(RECORDED DATA Opens)

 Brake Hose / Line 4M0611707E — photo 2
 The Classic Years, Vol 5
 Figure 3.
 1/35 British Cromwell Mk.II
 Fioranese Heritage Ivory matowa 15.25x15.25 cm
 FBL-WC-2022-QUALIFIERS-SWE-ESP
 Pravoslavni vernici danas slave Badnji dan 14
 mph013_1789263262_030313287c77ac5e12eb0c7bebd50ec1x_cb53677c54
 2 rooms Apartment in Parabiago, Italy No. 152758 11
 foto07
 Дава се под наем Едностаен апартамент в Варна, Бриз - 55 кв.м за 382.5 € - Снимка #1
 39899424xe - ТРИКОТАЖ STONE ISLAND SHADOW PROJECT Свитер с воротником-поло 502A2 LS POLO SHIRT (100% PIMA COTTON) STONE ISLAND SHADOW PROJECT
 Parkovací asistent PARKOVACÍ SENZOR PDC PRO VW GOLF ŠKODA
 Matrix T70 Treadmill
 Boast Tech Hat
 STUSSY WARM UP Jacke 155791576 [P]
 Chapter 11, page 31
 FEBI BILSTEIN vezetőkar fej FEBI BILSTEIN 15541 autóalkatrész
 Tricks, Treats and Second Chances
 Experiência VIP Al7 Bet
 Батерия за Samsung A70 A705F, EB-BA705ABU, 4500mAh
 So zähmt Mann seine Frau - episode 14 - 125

(RECORDED DATA Closes)

* WHAT IS EXPECTED *
Reproduce the records above exactly, from the first line to the line that holds "Pravoslavni vernici danas", inclusive, and omit everything after it.

* ANSWER FOR THE TASK *
 Brake Hose / Line 4M0611707E — photo 2
 The Classic Years, Vol 5
 Figure 3.
 1/35 British Cromwell Mk.II
 Fioranese Heritage Ivory matowa 15.25x15.25 cm
 FBL-WC-2022-QUALIFIERS-SWE-ESP
 Pravoslavni vernici danas slave Badnji dan 14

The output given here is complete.